This statement on Schedule 13D (this Statement) is filed with respect to the common stock, par value $0.0001 per share (Common Stock), of AdTheorent Holding Company, Inc., a Delaware corporation (the Issuer), formerly known as MCAP Acquisition Corporation. The address of the principal executive offices of the Issuer is 330 Hudson Street, 13th Floor New York, New York 10013.
Information given in response to each item shall be deemed incorporated by reference in all other items, as applicable.
Item 2. Identity and Background.
(a) This Statement is filed by H.I.G. Growth AdTheorent, LLC, a Delaware limited liability company (H.I.G. AdTheorent), H.I.G. GPII, Inc., Sami Mnaymneh, and Anthony Tamer (the Reporting Persons).
Relationships
H.I.G. Growth AdTheorent, LLC is the record holder of the shares reported herein. H.I.G.-GPII, Inc. is the sole managing member of H.I.G. AdTheorent, and has sole voting and dispositive power with respect to the shares held by H.I.G. AdTheorent. Sami Mnaymneh and Anthony Tamer, the directors of H.I.G.-GPII, Inc., have shared voting and dispositive power with respect to the shares held by H.I.G. AdTheorent. Messrs. Mnaymneh and Tamer may be deemed to be indirect beneficial owners of the reported securities, but disclaim beneficial ownership in the securities, except to the extent of any pecuniary interest in such securities.
(b) The Reporting Persons are located at 1450 Brickell Avenue, 31st Floor, Miami, FL 33131.
(c) Sami Mnaymneh and Anthony Tamer are directors of H.I.G.-GPII, Inc.
(d) During the past five years, neither H.I.G. AdTheorent nor, to the knowledge of H.I.G. AdTheorent, any of the other Reporting Persons have been convicted in a criminal proceeding (excluding traffic violations or similar misdemeanors).
(e) During the past five years, neither H.I.G. AdTheorent nor, to the knowledge of H.I.G. AdTheorent, any of the other Reporting Persons, have been a party to a civil proceeding of a judicial or administrative body of competent jurisdiction and as a result of such proceeding was or is subject to a judgment, decree or final order enjoining future violations of, or prohibiting or mandating activities subject to, federal or state securities laws or finding any violation with respect to such laws.
(f) The Reporting Persons are citizens of the United States.
CUSIP No. 00739D 109 | 13D | Page 6 of 11 Pages |
Item 3. Source or Amount of Funds or Other Consideration.
Item 4 below summarizes certain provisions of the Business Combination Agreement (as defined below) that pertain to the securities acquired by the Reporting Persons.
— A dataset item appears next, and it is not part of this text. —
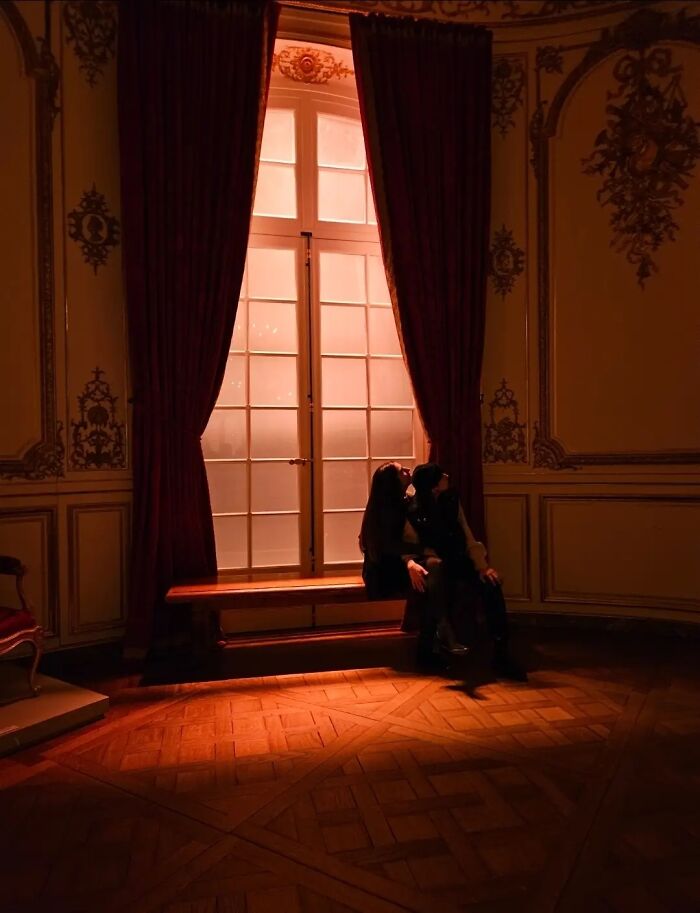 Two strangers sit by a window with red curtains, bathed in warm light, exemplifying the wholesome photo trend.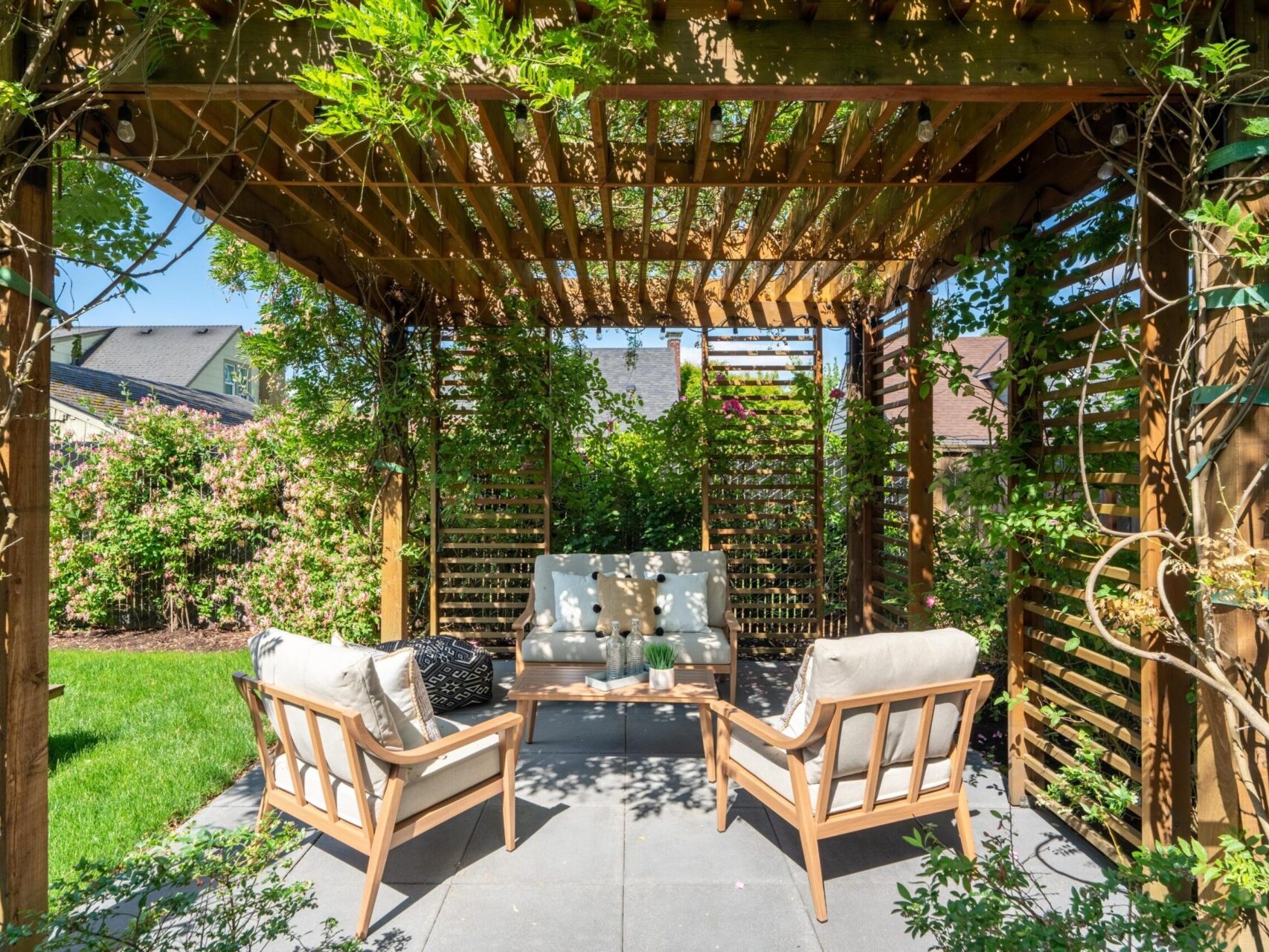 A wooden pergola with climbing plants provides shade over a cozy patio area featuring cushioned chairs and a coffee table. Sunlight filters through the lattice roof, and the surrounding garden is lush with greenery and flowering plants.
Pursuant to the Business Combination Agreement, upon consummation of the Business Combination (as defined below), membership interests of AdTheorent Holding Company, LLC, a Delaware limited liability company (Legacy AdTheorent), were converted into shares of Common Stock of the Issuer.
Item 4. Purpose of Transaction.
Business Combination
On December 22, 2021 (the Closing Date), the previously announced business combination was consummated pursuant to that certain Business Combination Agreement, dated as of July 27, 2021 (as amended, the Business Combination Agreement), by and among the MCAP Acquisition Corporation (MCAP), now known as the Issuer, GRNT Merger Sub 1 LLC, a Delaware limited liability company (Merger Sub 1), GRNT Merger Sub 2 LLC, a Delaware limited liability company (Merger Sub 2), GRNT Merger Sub 3 LLC, a Delaware limited liability company (Merger Sub 3), GRNT Merger Sub 4 LLC, a Delaware limited liability company (Merger Sub 4 and, together with Merger Sub 1, Merger Sub 2 and Merger Sub 3, the Merger Sub Entities), H.I.G. Growth AdTheorent Intermediate, LLC, a Delaware limited liability company (the Blocker), H.I.G. AdTheorent, and Legacy AdTheorent. Pursuant to the Business Combination Agreement, Legacy AdTheorent, the Blocker and the Merger Sub Entities engaged in a series of four mergers, which resulted in Legacy AdTheorent becoming a wholly owned subsidiary of MCAP (the Business Combination). Upon the consummation of the Business Combination, the registrant changed its name from MCAP Acquisition Corporation to AdTheorent Holding Company, Inc. As a result of the Business Combination, Legacy AdTheorent became a wholly-owned subsidiary of the Issuer, with the members of Legacy AdTheorent becoming stockholders of the Issuer.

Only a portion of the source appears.